Essa abertura a temas e acervos variados é fruto também do diálogo estreito com a sociedade. Marins ressalta que cerca de 80% das coleções do museu foram doadas por cidadãos, o que considera “estimulante e democrático”. Nas últimas décadas, a instituição deixou de ser o “museu da história do Brasil” para se tornar o “museu das histórias do Brasil”, abraçando o desafio de responder às perguntas do presente a partir do passado. A ideia central – reforçada no podcast e nas demais ações comemorativas – é que o museu, antes local de celebração e acervo de bens materiais, agora seja, sobretudo, espaço de debate, de pluralidade e de revisão crítica permanente.
O podcast, assim como a minissérie lançada paralelamente, é apresentado por profissionais de comunicação e historiadores, e conta ainda com convidados como Marcelo Tas e Preta Rara, reforçando o compromisso do Museu do Ipiranga com diferentes perspectivas.
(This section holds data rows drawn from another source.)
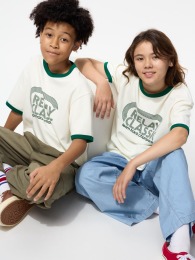 UNIQLO Аэлизмо хлопок с графическим принтом, круглой горловиной (футболка) Размер 100, Выбеленный  фото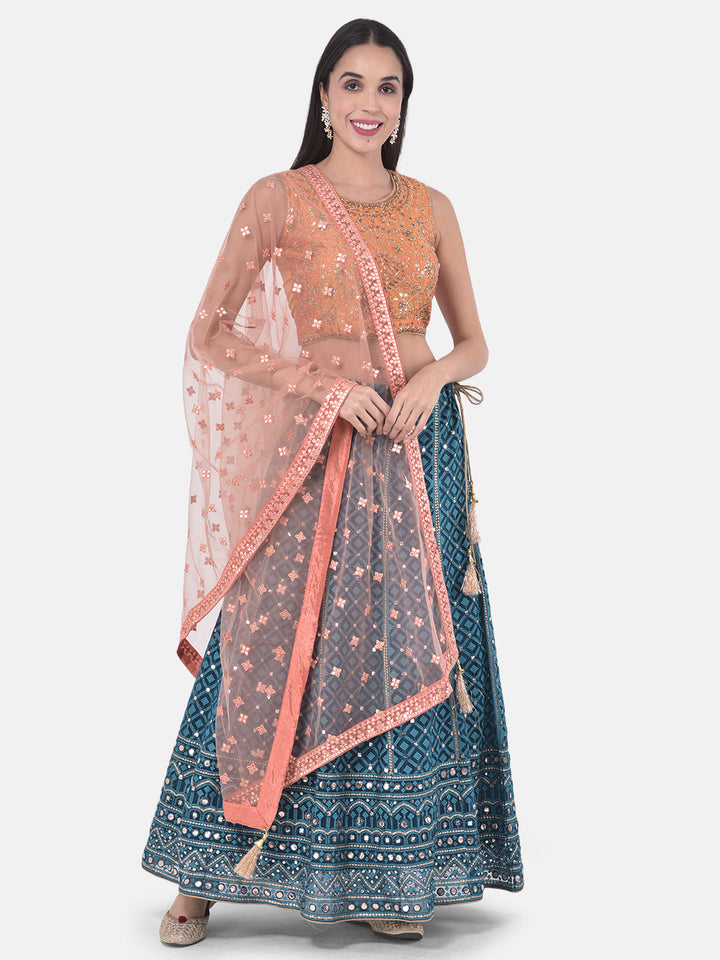 Neerus Blue net embellished lehenga set - detail view 6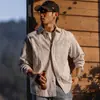 Camisa listrada de linho tingido em fio estilo retrô americano para homens, nova jaqueta camisa de manga longa solta japonesa da moda para outono para homens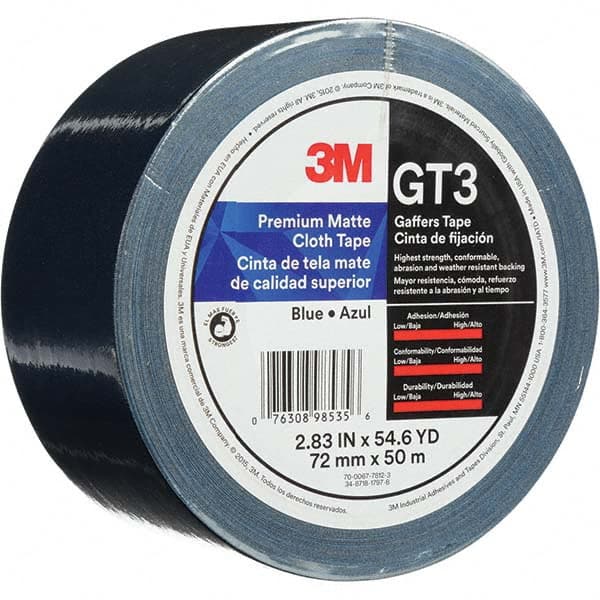 3M - 50m x 72mm x 11 mil Blue Cotton Cloth Gaffers Tape - A1 Tooling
Disponível em plataformas como Spotify, Apple Podcasts, Amazon Music, Deezer e YouTube, a produção quer ampliar o alcance das novas narrativas, aproximando o museu de públicos cada vez mais diversos.
Com uma identidade visual renovada após a reabertura em 2022 – que dobrou a área construída e triplicou o espaço expositivo –, o Museu do Ipiranga se consolida, aos 130 anos, não apenas como monumento à independência, mas como espaço vivo, dinâmico e contemporâneo, capaz de acolher e provocar reflexões sobre as múltiplas histórias que compõem o país. “Os episódios vão permitir que a população possa se aproximar dessas linhas de reflexão que nós fazemos, mostrando o frescor de uma instituição que tem 130 anos de abertura ao público, mas que se mantém muito contemporânea”, resume Marins.
Por meio dessas iniciativas, o Museu do Ipiranga convida o público a revisitar o passado, mas com olhos atentos ao presente e às desigualdades que ainda precisam ser superadas. O que está em jogo é uma nova forma de pensar e contar a história do Brasil, menos oficialista e mais plural, um projeto em constante construção, cujas páginas continuam abertas e prontas para novos capítulos, inclusive aqueles ainda não escritos.